Comme dans « Une séparation », un divorce est au centre du « Passé ». Si le premier était prétexte à une incursion au cœur de la société iranienne, le second est une plongée dans l’âme humaine, ses tâtonnements, ses doutes et les interprétations diverses du réel. Cette thématique organise un scénario polarisé sur l’histoire d’un couple délité et la tentative d’en reformer un autre. Une situation particulière donc qui aspire à une interprétation plus large, sinon philosophique, de la psychologie humaine.
Bérénice Bejo et Ali Mossaffa dans "Le Passé" de Asghar Farhadi

Bérénice Bejo et Ali Mossaffa dans "Le Passé" de Asghar Farhadi

© Carole Bethuel

Un pas en avant, un pas en arrière
De ce point de vue, « Le Passé » fonctionne parfaitement. La mise en situation reste toutefois un peu longue, avant que l’on comprenne où veut nous emmener Asghar Farhadi. Ce n’est qu’autour du milieu du film que ses intentions se font jour, avec un coup de théâtre, pivot du film, à partir duquel  va se révéler son sens profond.
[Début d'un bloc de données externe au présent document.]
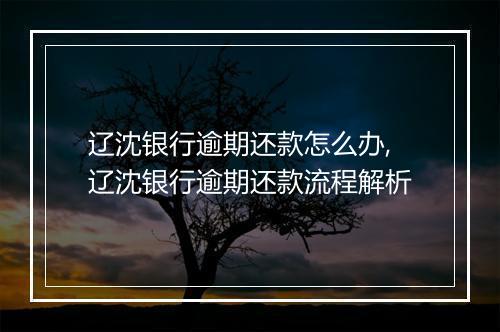 辽沈银行逾期还款怎么办,辽沈银行逾期还款流程解析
Les personnages ne cessent de faire un pas en avant, puis un en arrière, de partir et de revenir, de s’invectiver et à regretter… Jusqu’à la scène finale, très symptomatique de ces hésitations, à la résolution ouverte.

Très bien accueilli, « Le Passé » confirme non seulement l’immense talent de Farhadi, mais la bonne tenue de la sélection française dans la compétition, après le magnifique film de François Ozon, « Jeune et jolie », projeté la veille. De la belle ouvrage, tant dans le script (hormis une mise en place un peu longuette), dans sa mise en scène fluide et discrète, mais présente dans une forme en symbiose avec le propos, et une interprétation remarquable.